Weiterhin werden alle Vorteile in drei Gruppen eingeteilt: Kleine, mittlere und größere Vorteile für respektive zwei, vier und acht Freebees. Das können wir uns dann auch merken. Ggf. müssen die Auswirkungen hier und da angepasst werden.

Zusätzliche Fertigkeitspunkte gibts für zwei Freebees, zusätzliche zivile Berufsstufen für vier.

Die Kosten bleiben linear außer für Kampfkunst, wo ich kumulative Kosten (1, 2, 3, 4, ...) vorschlagen würde.



So weit so fein, damit wären die Grundregeln meines Erachtens schon ziemlich gut aufgeräumt. Was noch bliebe, wäre die Rassen so umzuarbeiten, dass es sich auch lohnt, was anderes als Menschen und Trolle zu spielen. Aber das können andere tun.

Selbstverständlich gehören in die überarbeiteten Regeln auch nachvollziehbare Regeln zum Erschaffen von Zaubern und magischen Gegenständen und zumindest grobe Richtlinien für neue Kampfschulen.

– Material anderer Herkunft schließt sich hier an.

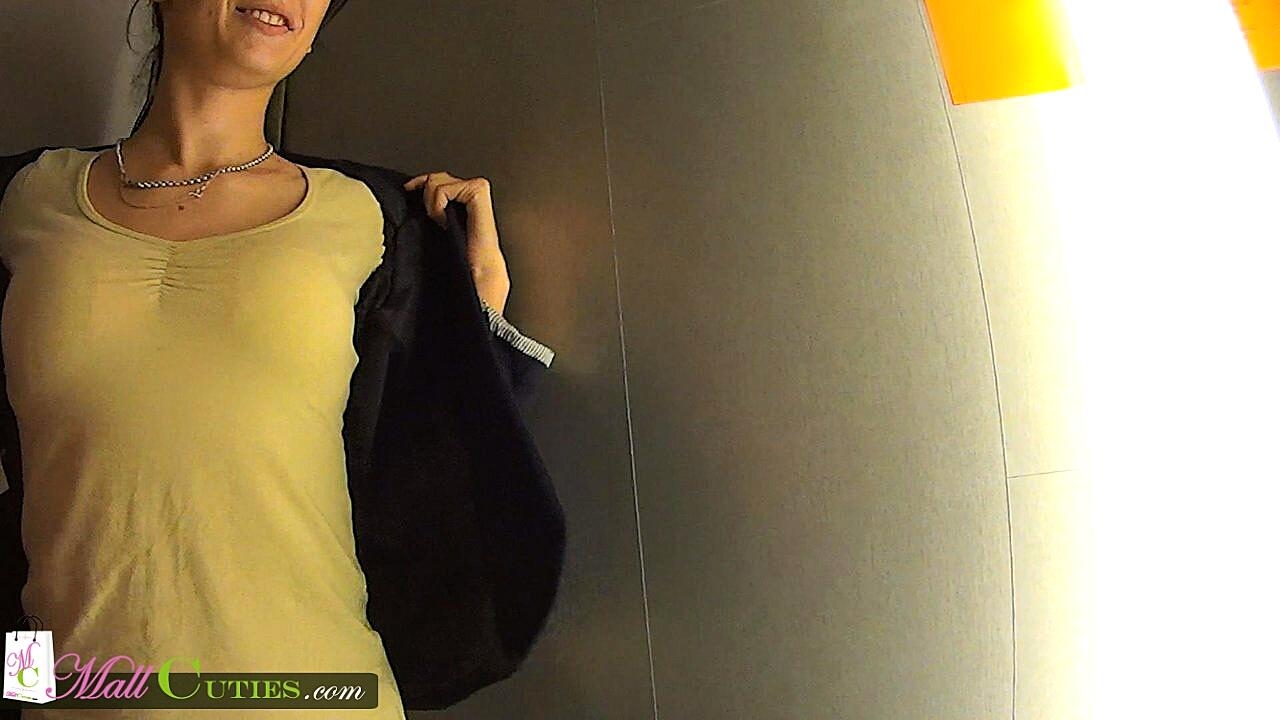 Brunette Teen Sandra Gives A Blowjob In A Dressing Room At The Mall Brunette, Jeans, Public, Pussy, Reality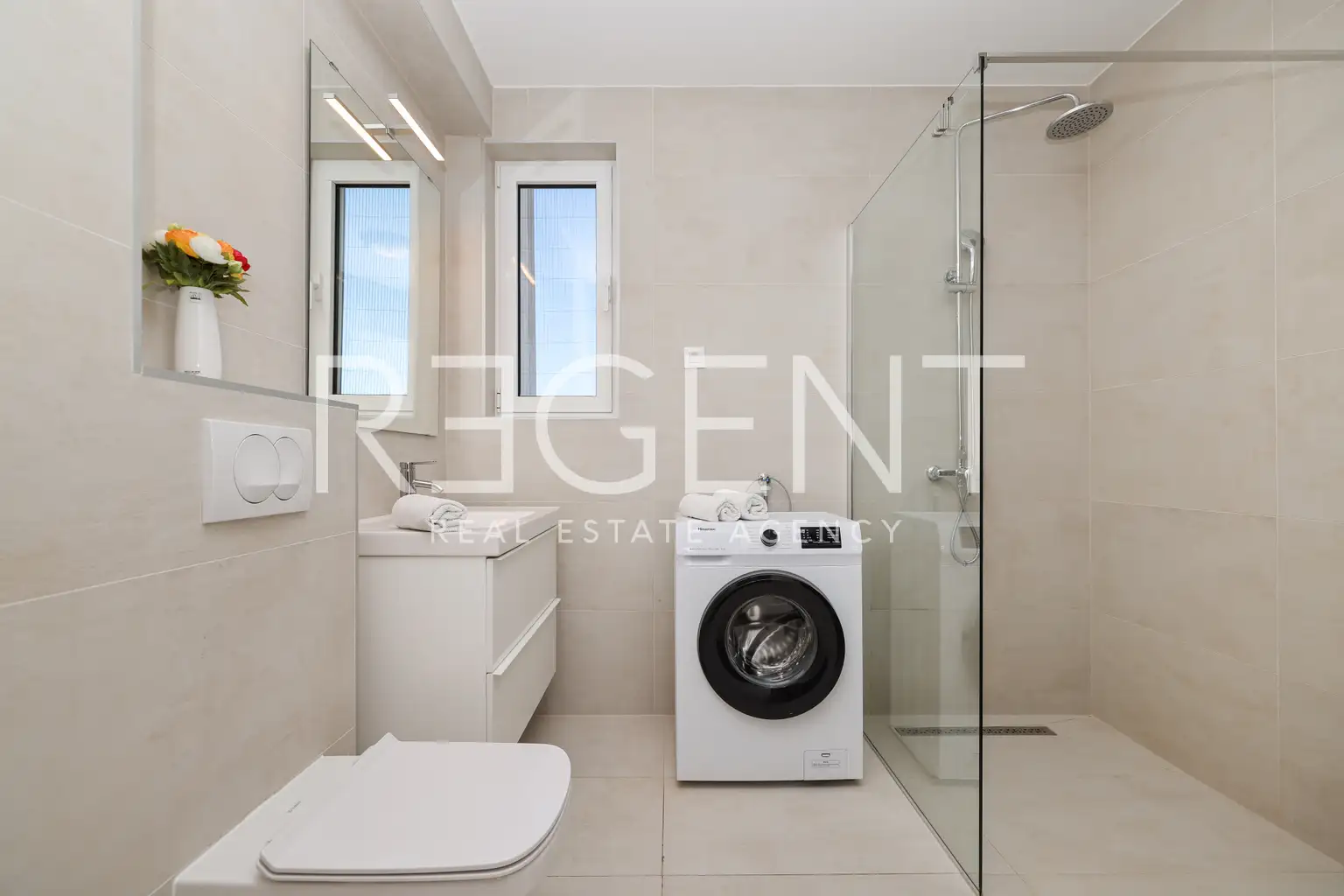 Privlaka - Dom szeregowy z basenem i tarasem na dachu.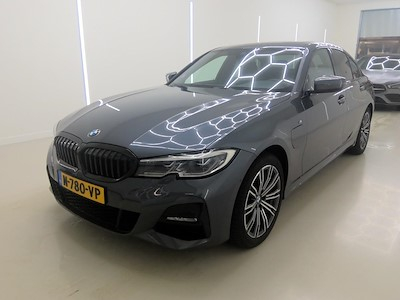 BMW 3-serie sedan 320e Business Edition Plus M Sport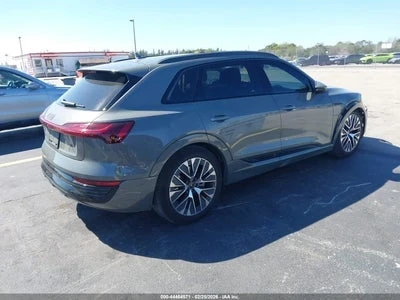 Audi Q8 E-TRON PREMIUM PLUS QUATTRO, снимка 4 - Автомобили и джипове - 54189756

Falls wir uns nicht mehr lesen: Guten Rutsch.

Kommentare:

Anonym hat gesagt…

Auch wenn da ein par kleine Schnitzer drin sind, für den dich Fanboys zerreissen werden("Man kann nicht beliebig viele KP in einer Runde ausgeben."), finde ich das soweit sehr gut.
Ich stelle mir nur oft die Frage "Warum?" z.B. "Warum muss Arkane Macht rumpsen". Deine Gedankengänge dahinter wären sicherlich interessant

Stefan / 1of3 hat gesagt…

Es scheint mir einfach viel interessanter. Das mögen natürlich Leute anders sehen, aber wenn ich die KP bei AC mit Conviction bei Blue Rose oder Willenskraft in der WoD vergleiche, weiß ich, was ich interessanter finde.

Außerdem brauchte ich das für einige der folgenden Änderungen.

Du hast natürlich recht, was das KP-Potential angeht.